BRIEF DESCRIPTION OF THE DRAWINGS

In the accompanying drawings, which illustrate one or more example embodiments:

FIG. 1 depicts components of a fully distributed communication system;

FIG. 2 depicts DLT components of a fully distributed communication system;

FIG. 3 depicts details of components of a fully distributed communication system;

FIG. 4 depicts end user communication devices for use in a fully distributed communication system;

FIG. 5 depicts details of a trust management component used in a fully distributed communication system;

FIG. 6 depicts a process of using a trust management component;

FIG. 7 depicts details of a communication component;

FIG. 8 depicts a contact management and security management components;

FIG. 9 depicts details of a decentralized communication component used in a fully distributed communication system;

FIG. 10 depicts an identity management component;

FIG. 11 depicts a process for registering a user in a fully distributed communication system;

FIG. 12 depicts a process for registering a message with the DLT network;

FIG. 13 depicts a process for requesting callee identification information in a fully distributed communication system;

FIG. 14 depicts a process for initiating real-time communication;

FIG. 15 depicts a process of rejecting a communication session in a fully distributed communication system; and

FIG. 16 depicts a process for providing a service session in a fully distributed communication system

DETAILED DESCRIPTION

A fully distributed and decentralized communication system is described further below which does not rely on centralized servers for communication sessions. The fully distributed and decentralized communication system makes use of a Distributed Ledger Technology (DLT) network or use other similar technology to store and lookup on the DLT user information including connection information such as an IP address, port, for use in establishing a secured communication session. The communication system also incorporates trust score associated with users that allow users to control which different users can establish communication sessions with them. The fully distributed and decentralized communication system makes use of the DLT for distributed storage and access to user information including connection information that can be used in establishing communication sessions, which may be done using for example peer-to-peer communication technologies. In addition to the ability to store and lookup user information, the DLT network can also self-executing code, which may be provided as one or more code contracts, to provide a wide range of functionality. As described further below, the self-executing code on the DLT network can be used to provide code contracts that provide a level of trust for users of the distributed and decentralized communication system.

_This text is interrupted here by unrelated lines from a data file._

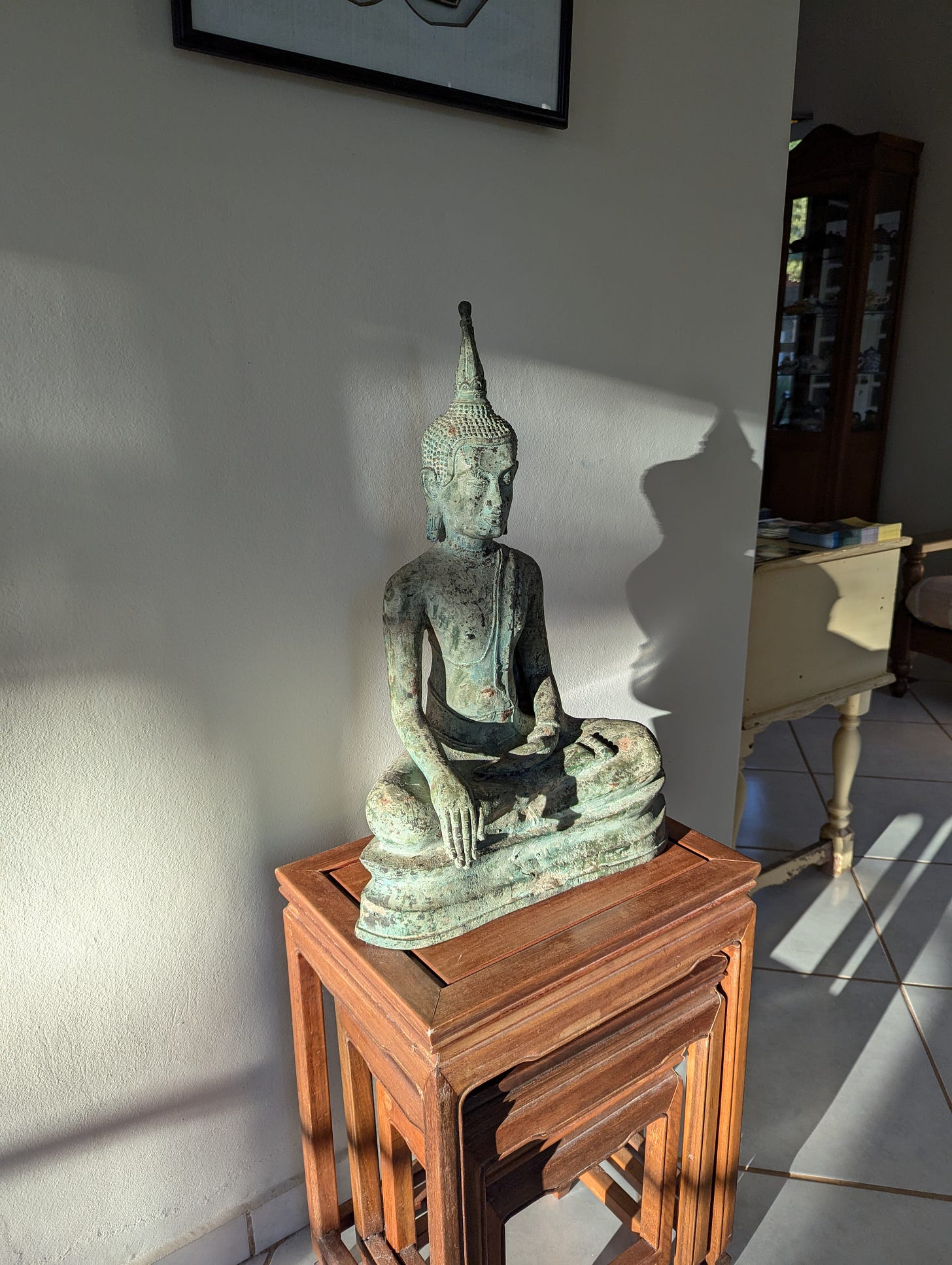 Photo of a Buddhist statue in a guesthouse reception area, with light and shadow cast on it. The statue has one hand pointing down to the ground and sits on a small wood table.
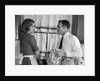 1960s man woman washing dishes kitchen sink by Anonymous
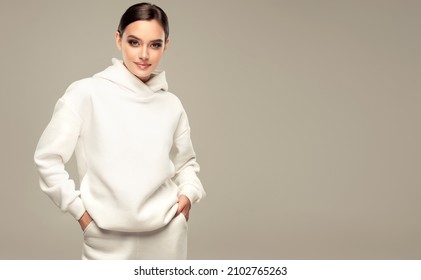 Fashionable young beautiful  woman . Slim girl in an active pose in a white hoodie. Fashion, clothing and style.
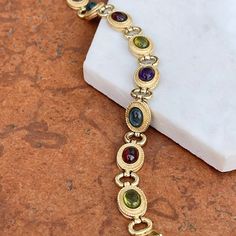 Estate/ vintage 14KT yellow gold Byzantine design, textured + cabochon, multi-gemstone link bracelet. Textured, shiny, and matte finishes on this piece. Slightly concave pieces with cabochon, amethyst, blue topaz, garnet, peridot, and citrine oval gemstones. Each gemstone measures: 7mm x 5mm; (8) total Rectangle byzantine + shiny open design links bracelet Measures 7.5", but fits shorter when clasped at the shorter length Weight: 22 grams Measures: 10mm wide Secure snap clasp Stamped 14K Great v Elegant Multicolor Cabochon Gemstones, Gold Oval Multi-stone Jewelry, Formal Multi-stone Oval Cabochon Jewelry, Elegant Multi-stone Oval Cabochon Jewelry, Luxury Gold Oval Cabochon Gemstones, Oval Gold Gemstones With Accents, Oval Cabochon Bracelet In Fine Jewelry Style, Gold Jewelry With Gemstone Accents In Oval Cabochon, Gold Jewelry With Gemstone Accents And Oval Cabochon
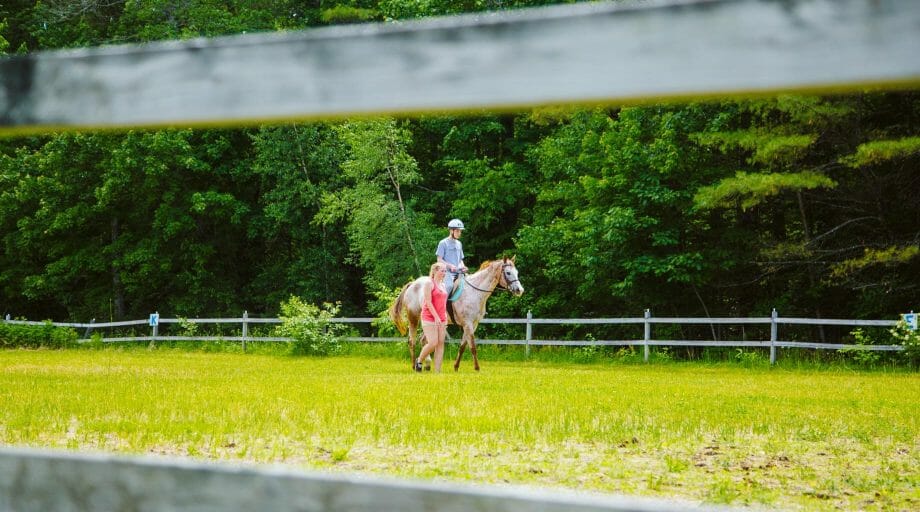 Camper riding a horse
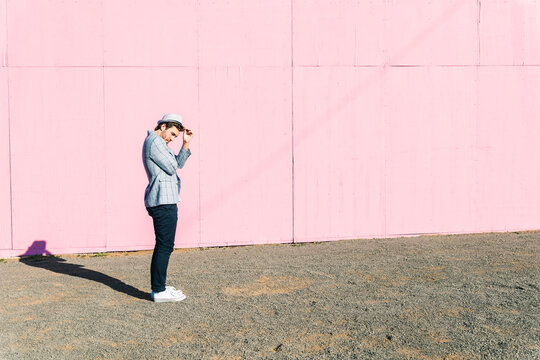 Young man in front of pink construction barrier, holding his hat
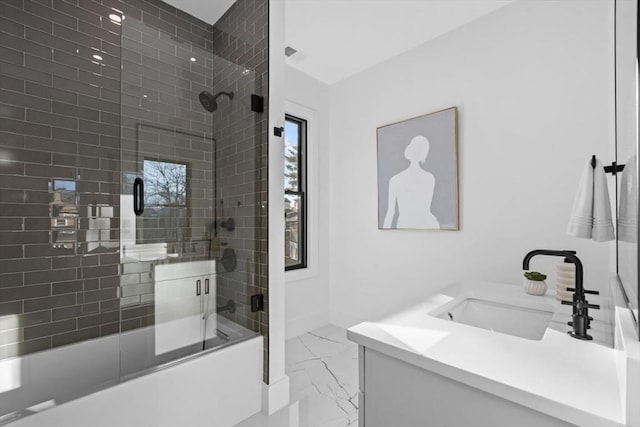 bathroom with bath / shower combo with glass door and vanity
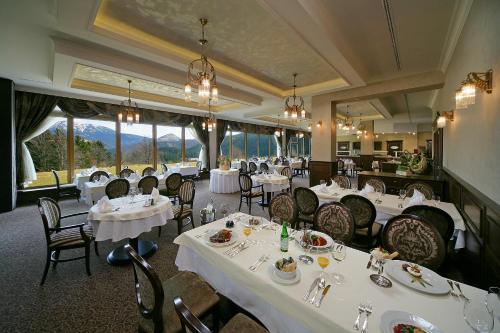 a dining room with white tables and chairs and windows at Apartmány PRESTIGE Donovaly in Donovaly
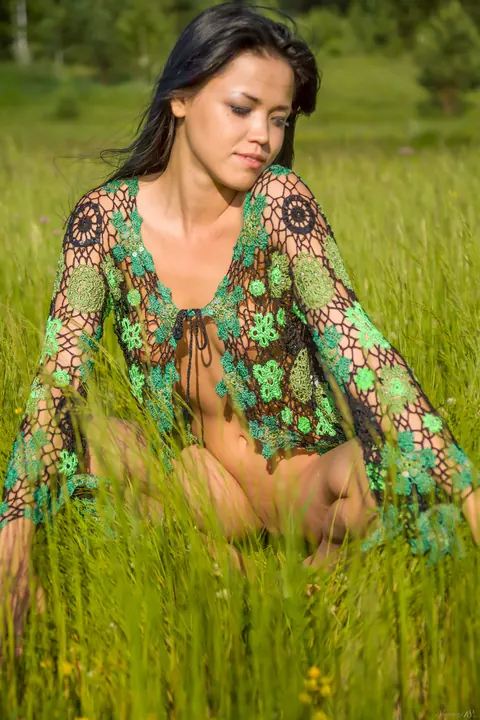 Brunette Undresses and Poses Nude in a Forest Meadow – photo 3 of 21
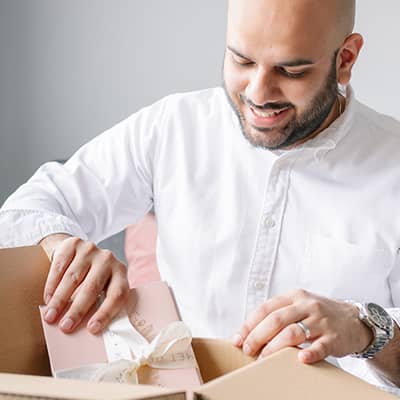 Betterday Studio carefully packing orders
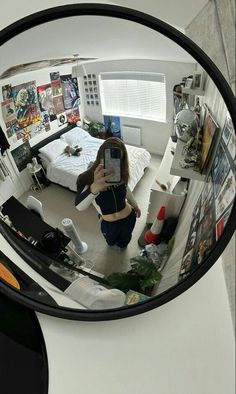 a woman taking a selfie in a mirror with her cell phone and some pictures on the wall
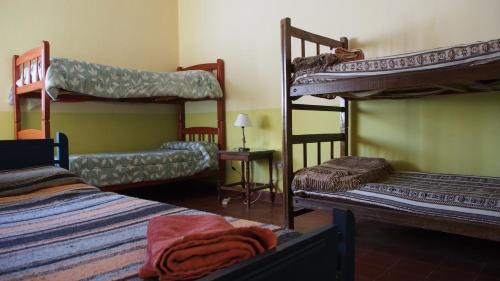 מיטה או מיטות בחדר ב-Inti Sayana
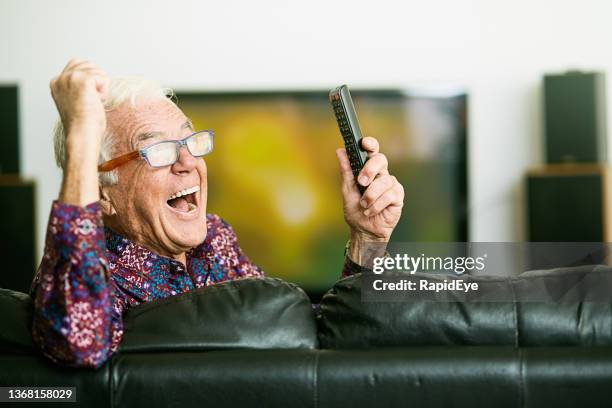 happy elderly man punches the air in joy as he sits watching tv and holding remote control - big toothy smile stock pictures, royalty-free photos & images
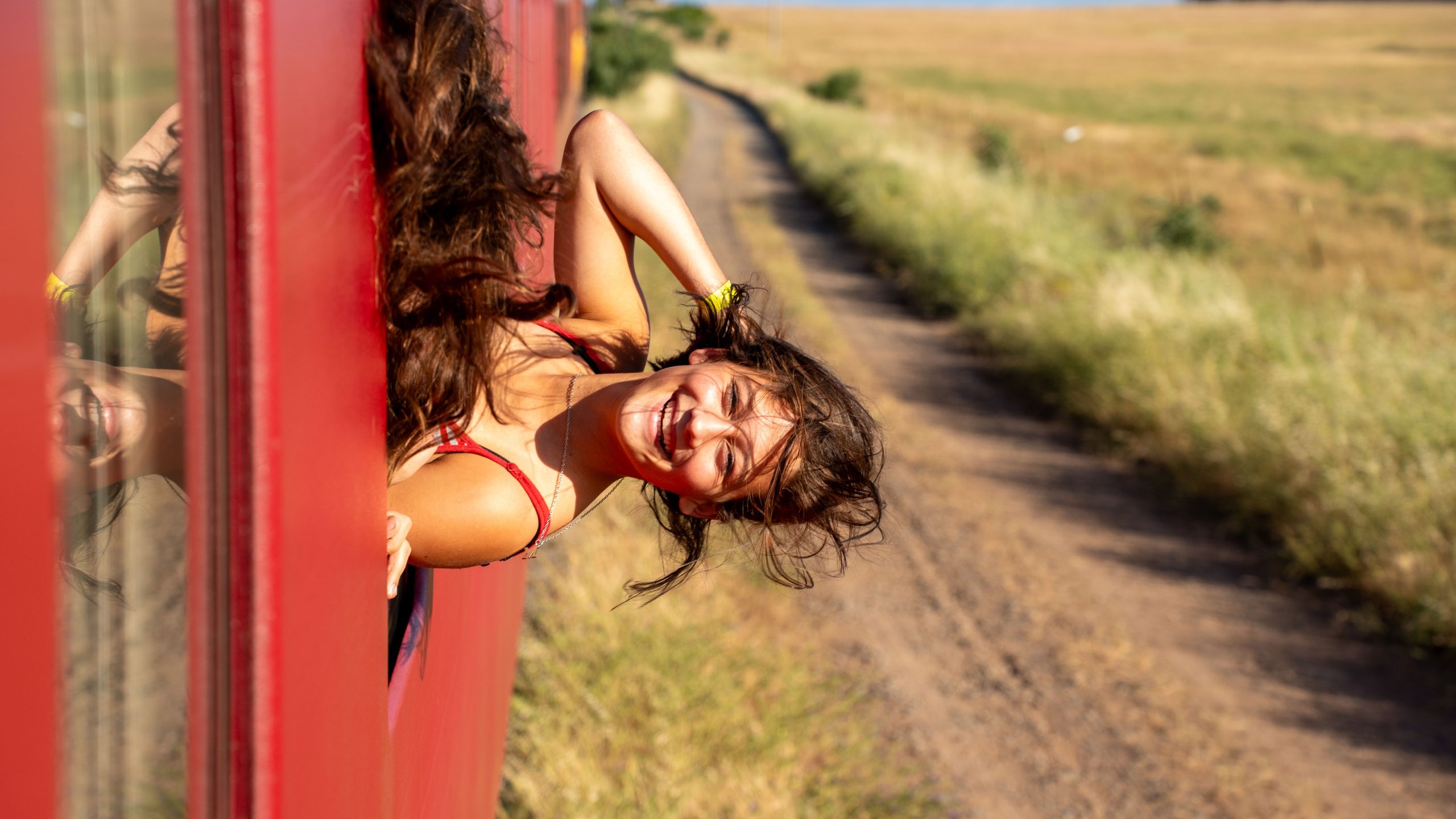 Smiling person leaning out of a red train on a countryside track.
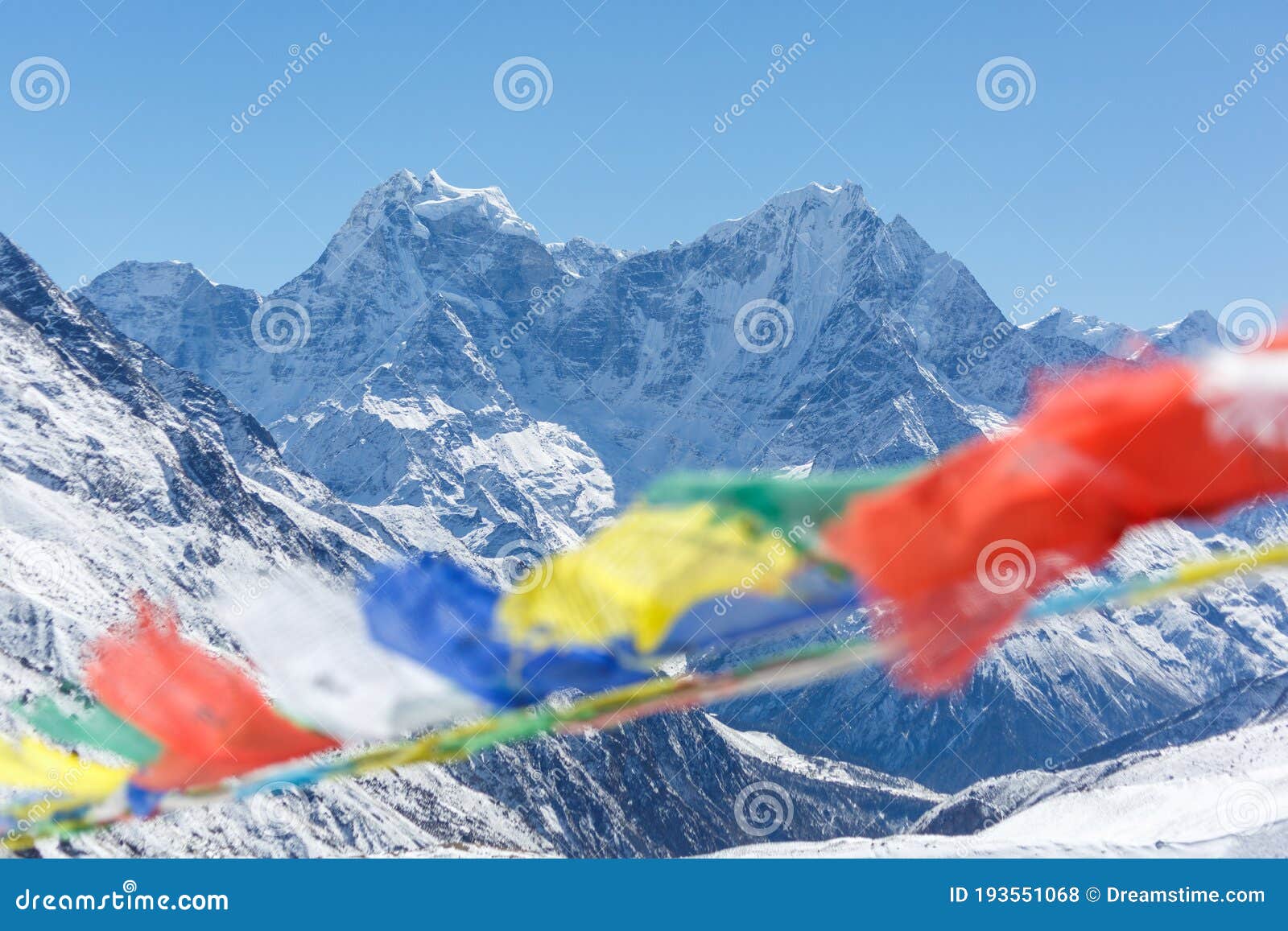 mountains of nepal. everest base camp trek. the foreground of the flags is blurred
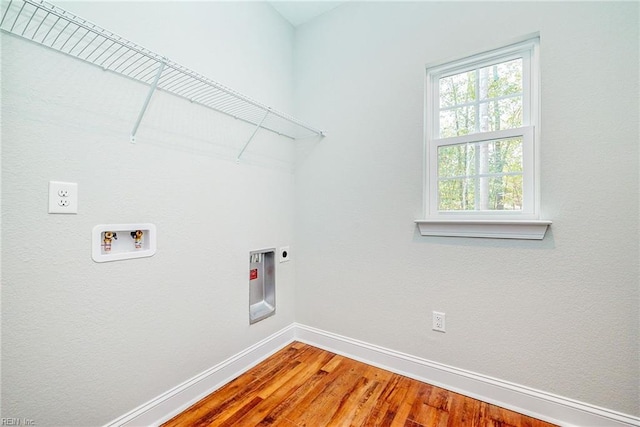 laundry room with laundry area, baseboards, wood finished floors, hookup for an electric dryer, and washer hookup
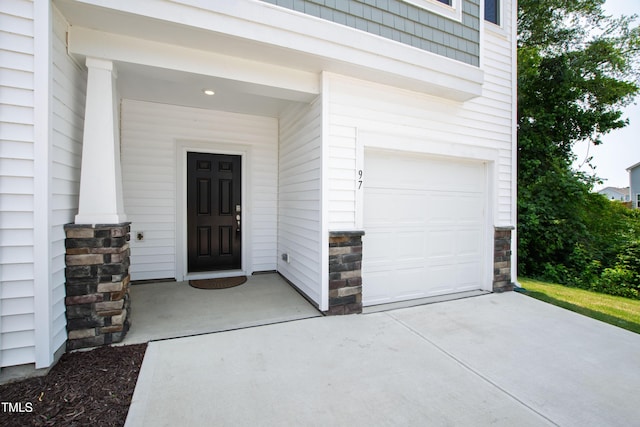 97 Begonia St, Angier, NC 27501 - property entrance with a garage and stone siding
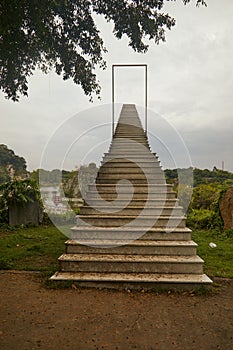 Vertical shot of stairs in a park with a cloudy sky in the background,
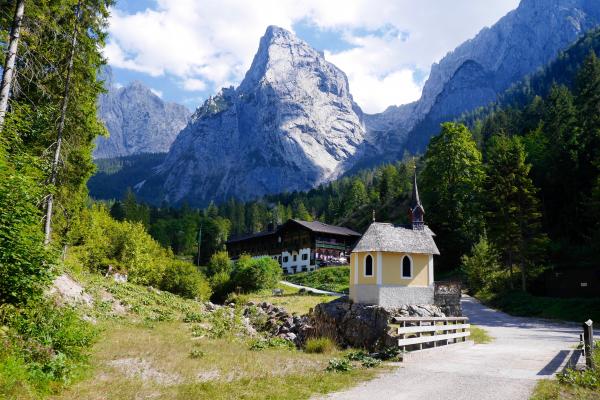 View of Village With Mountain Range in Background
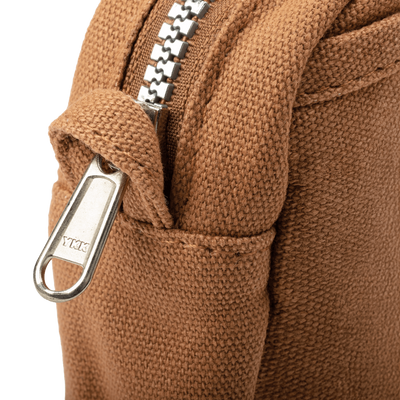 Close-up of a brown textured fabric with a metal zipper and carabiner on a black background
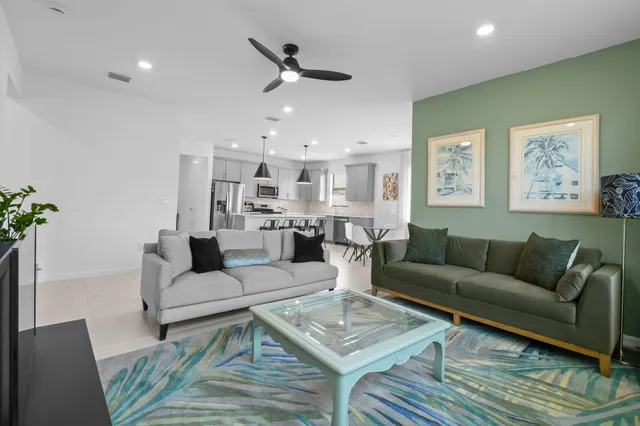 a view of kitchen with cabinets and wooden floor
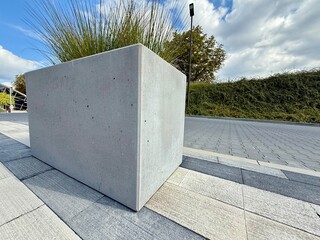 Modern concrete planter with clean lines and minimal design. Contemporary outdoor decoration for gardens, terraces, or patios.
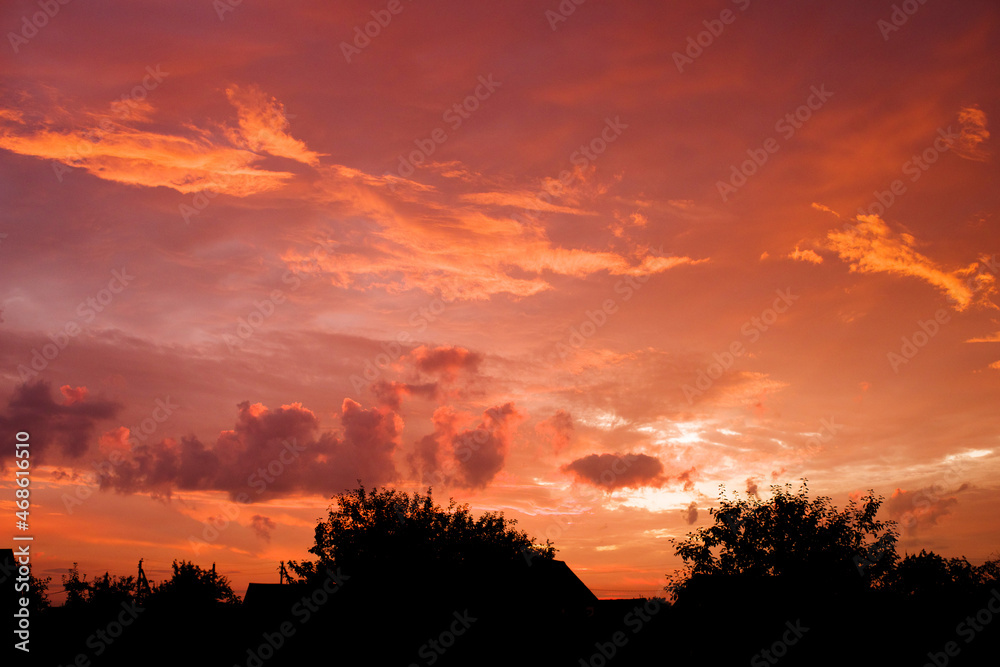Red and orange cloudy sky before sunrise against a black silhos of rustic roofs and trees. August Landscape with Dawn Sky Red and orange cloudy sky before sunrise against a black silhos of rustic roofs and trees. August Landscape with Dawn Sky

FIG. 1 depicts components of a fully distributed communication system. The fully distributed communication (FDC) system 100 may include both end user applications 102 and admin user applications 104. Both applications may be executed on one or more computing devices and provide a user interface for interacting with the system, such as making, accepting, declining and ending calls, sending and receiving messages, etc. Each of the applications 102, 104 include platform APIs 106a, 106b that allow the applications to interact with the communication platform through platform API(s). It will be appreciated that the platform API(s) 106a, 106b are a part of the API(s) 108 that allow the applications to call the API functionality.

The platform API(s) may provide a programming interface to other functionalities including for example decentralized communication functionality 110, and secured messaging component 112. Both the communication and messaging components may be built on a multimedia communication and messaging stack 118 that allows the components to establish communication sessions with other devices. The communication sessions may be real-time communication sessions such as audio/video calls, as well as non-real-time communication sessions such as instant messaging. The communication session may include additional functionalities such as screen sharing, presentations, etc. The decentralized communication component 110 and secured messaging component 112 may establish a communication session with a desired user or users and may use code contracts 114 provided by self-executed code that is executing on the DLT 116 to determine the connection information of the user or users.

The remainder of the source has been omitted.